= Beginning of Section =

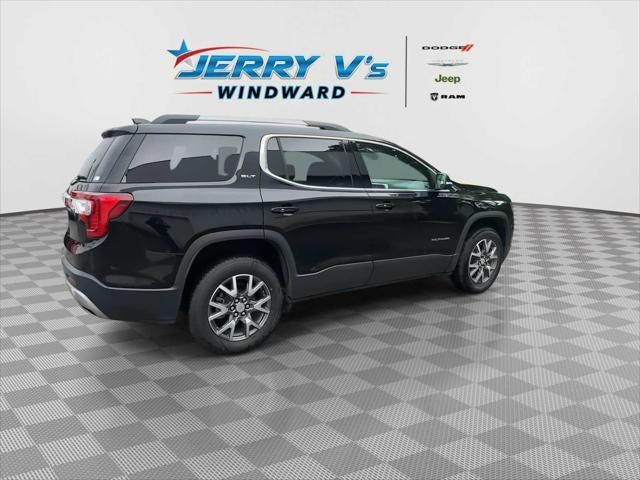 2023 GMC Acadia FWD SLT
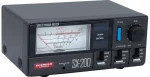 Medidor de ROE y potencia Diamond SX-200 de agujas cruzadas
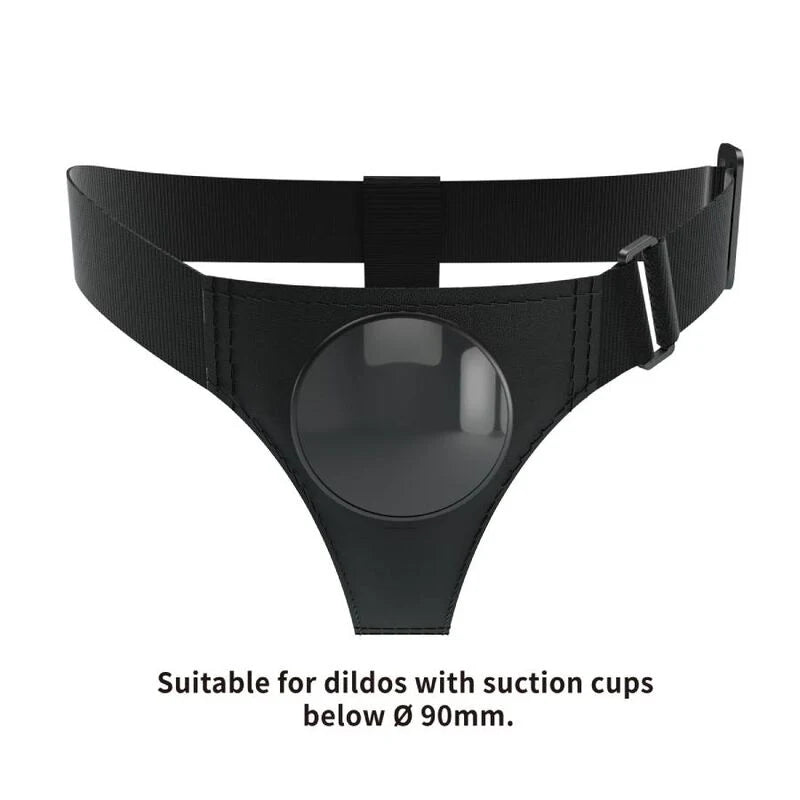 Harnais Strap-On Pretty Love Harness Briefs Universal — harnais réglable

= End of Section =
= Beginning of Section =

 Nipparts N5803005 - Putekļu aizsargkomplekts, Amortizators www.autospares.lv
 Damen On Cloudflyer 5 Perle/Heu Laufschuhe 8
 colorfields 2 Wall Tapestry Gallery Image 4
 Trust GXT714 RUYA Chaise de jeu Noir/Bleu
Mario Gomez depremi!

= End of Section =
= Beginning of Section =

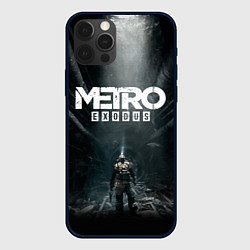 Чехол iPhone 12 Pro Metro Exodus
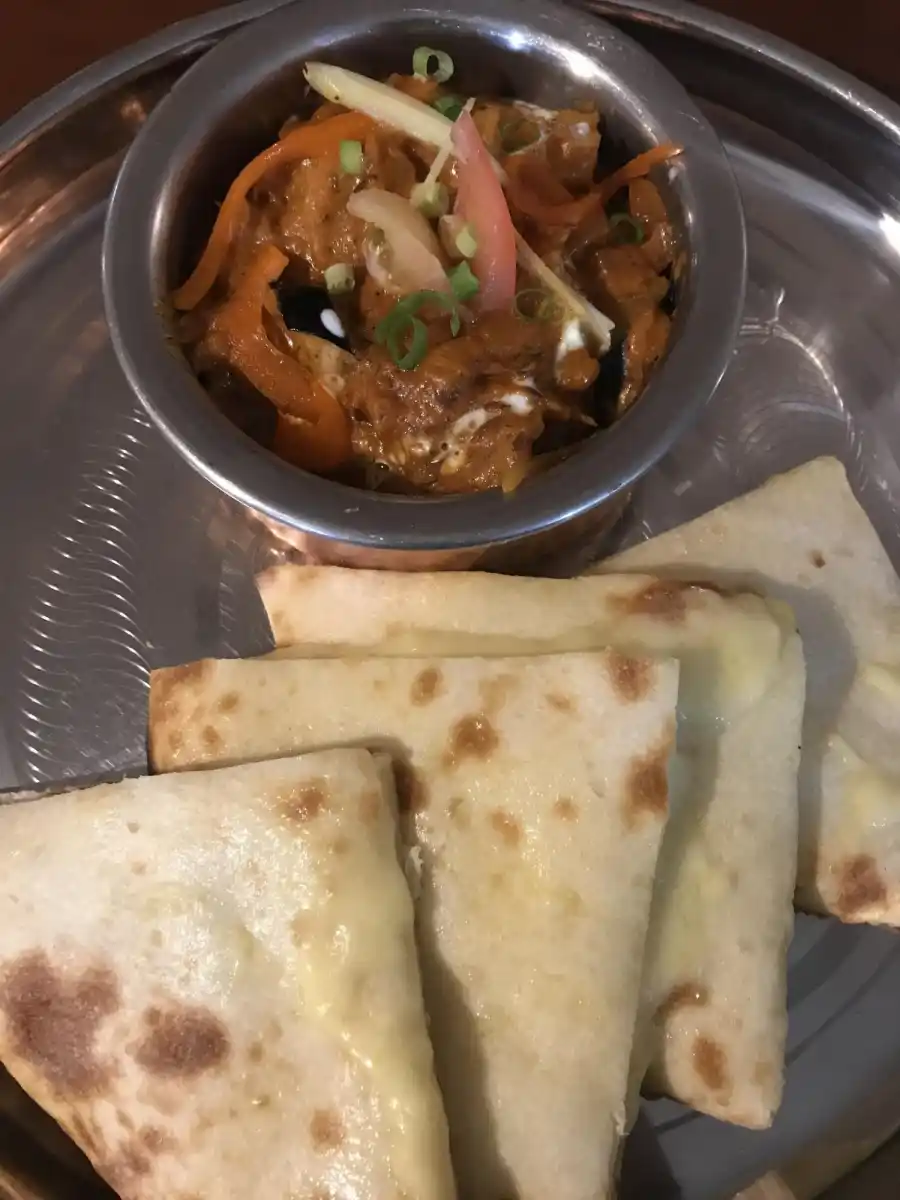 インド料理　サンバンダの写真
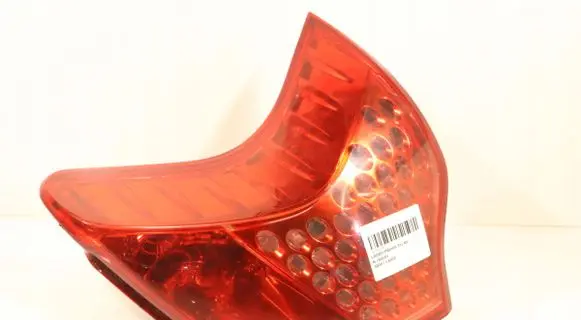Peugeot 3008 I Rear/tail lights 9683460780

= End of Section =

→ **Problem description**
Given the data above, transcribe exactly the lines from the one containing "Trust GXT714 RUYA Chaise de jeu Noir/Bleu" down to the one containing "Mario Gomez depremi!", and no others.

→ **Response to the exercise**
 Trust GXT714 RUYA Chaise de jeu Noir/Bleu
Mario Gomez depremi!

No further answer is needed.